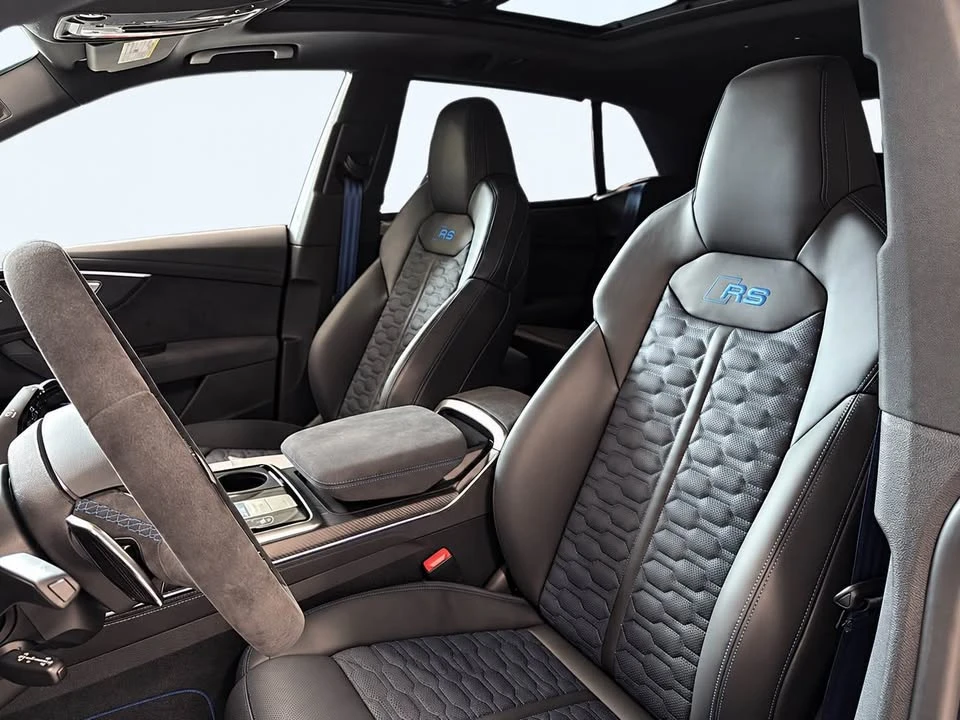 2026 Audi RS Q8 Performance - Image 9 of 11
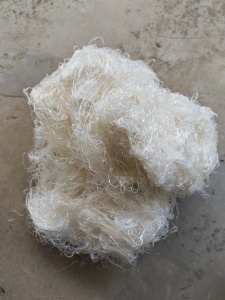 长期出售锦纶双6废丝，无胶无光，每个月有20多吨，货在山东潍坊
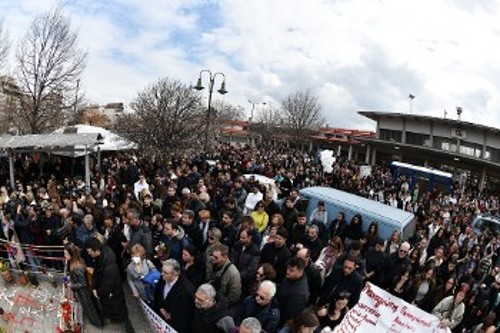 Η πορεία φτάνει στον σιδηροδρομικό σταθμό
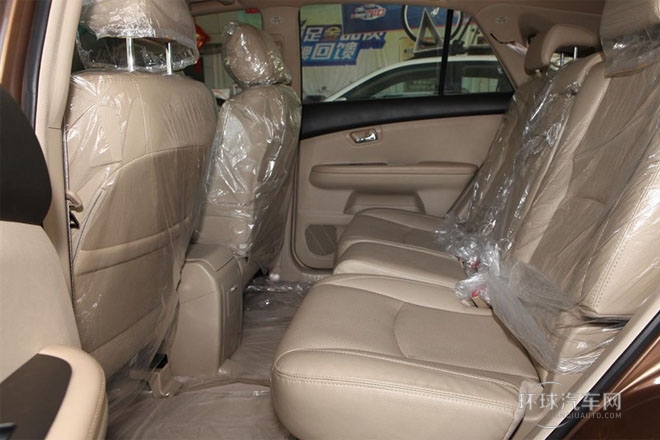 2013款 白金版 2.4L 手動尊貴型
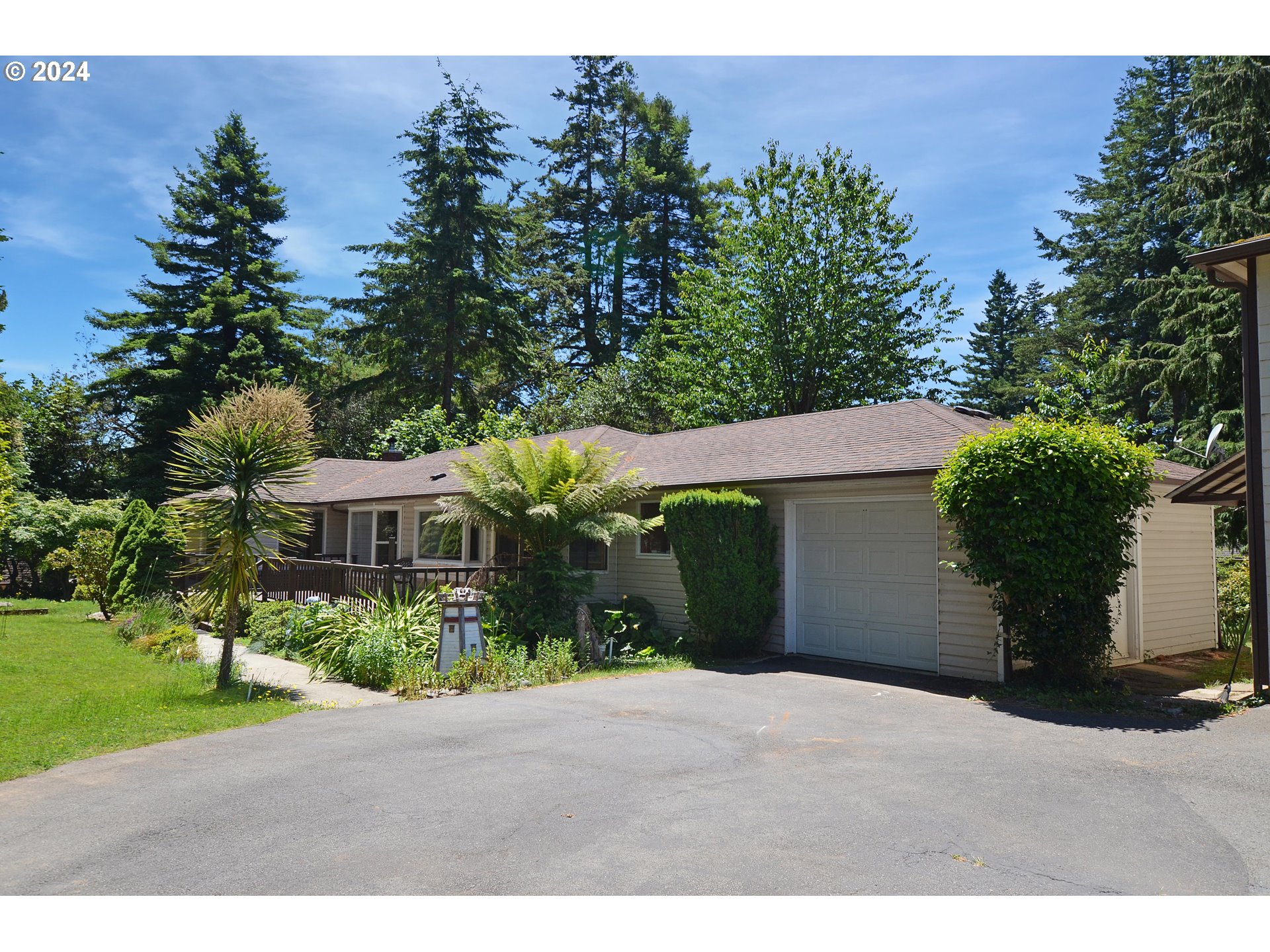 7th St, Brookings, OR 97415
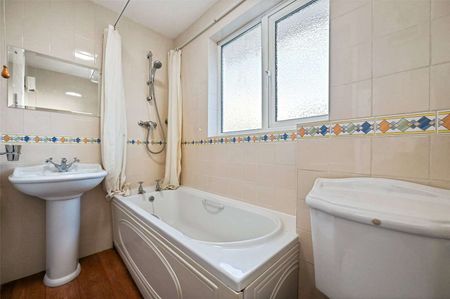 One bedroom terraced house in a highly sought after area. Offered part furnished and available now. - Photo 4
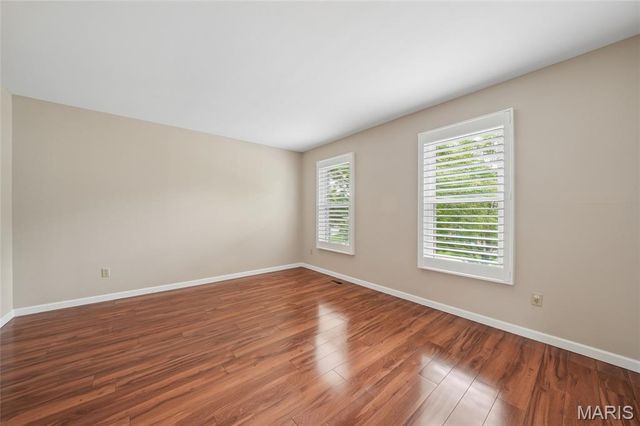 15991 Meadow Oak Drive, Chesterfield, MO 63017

---

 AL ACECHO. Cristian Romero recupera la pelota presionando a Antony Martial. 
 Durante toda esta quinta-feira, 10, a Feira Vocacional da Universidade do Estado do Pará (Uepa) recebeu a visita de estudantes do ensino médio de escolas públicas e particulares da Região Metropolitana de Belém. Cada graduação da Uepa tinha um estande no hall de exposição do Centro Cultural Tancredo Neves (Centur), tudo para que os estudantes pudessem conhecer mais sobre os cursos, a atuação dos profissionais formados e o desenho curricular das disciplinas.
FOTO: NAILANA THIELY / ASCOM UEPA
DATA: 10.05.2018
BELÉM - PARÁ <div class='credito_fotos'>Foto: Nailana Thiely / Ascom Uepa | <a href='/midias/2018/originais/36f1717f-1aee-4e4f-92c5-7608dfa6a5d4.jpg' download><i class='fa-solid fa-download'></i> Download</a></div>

---

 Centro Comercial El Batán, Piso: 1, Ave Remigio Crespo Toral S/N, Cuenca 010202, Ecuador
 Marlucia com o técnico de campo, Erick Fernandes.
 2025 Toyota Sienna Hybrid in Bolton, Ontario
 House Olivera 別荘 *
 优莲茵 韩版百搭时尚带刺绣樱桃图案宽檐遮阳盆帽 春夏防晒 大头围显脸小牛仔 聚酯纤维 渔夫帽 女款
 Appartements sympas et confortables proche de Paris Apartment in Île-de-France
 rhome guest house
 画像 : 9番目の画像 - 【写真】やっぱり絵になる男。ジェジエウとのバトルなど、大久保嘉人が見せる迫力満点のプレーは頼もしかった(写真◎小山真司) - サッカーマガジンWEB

• WHAT IS NEEDED:
An exact copy of the lines above between the line holding "Durante toda esta" and the line holding "BELÉM - PARÁ", inclusive, is the whole answer.

• ANSWER AREA:
 Durante toda esta quinta-feira, 10, a Feira Vocacional da Universidade do Estado do Pará (Uepa) recebeu a visita de estudantes do ensino médio de escolas públicas e particulares da Região Metropolitana de Belém. Cada graduação da Uepa tinha um estande no hall de exposição do Centro Cultural Tancredo Neves (Centur), tudo para que os estudantes pudessem conhecer mais sobre os cursos, a atuação dos profissionais formados e o desenho curricular das disciplinas.
FOTO: NAILANA THIELY / ASCOM UEPA
DATA: 10.05.2018
BELÉM - PARÁ <div class='credito_fotos'>Foto: Nailana Thiely / Ascom Uepa | <a href='/midias/2018/originais/36f1717f-1aee-4e4f-92c5-7608dfa6a5d4.jpg' download><i class='fa-solid fa-download'></i> Download</a></div>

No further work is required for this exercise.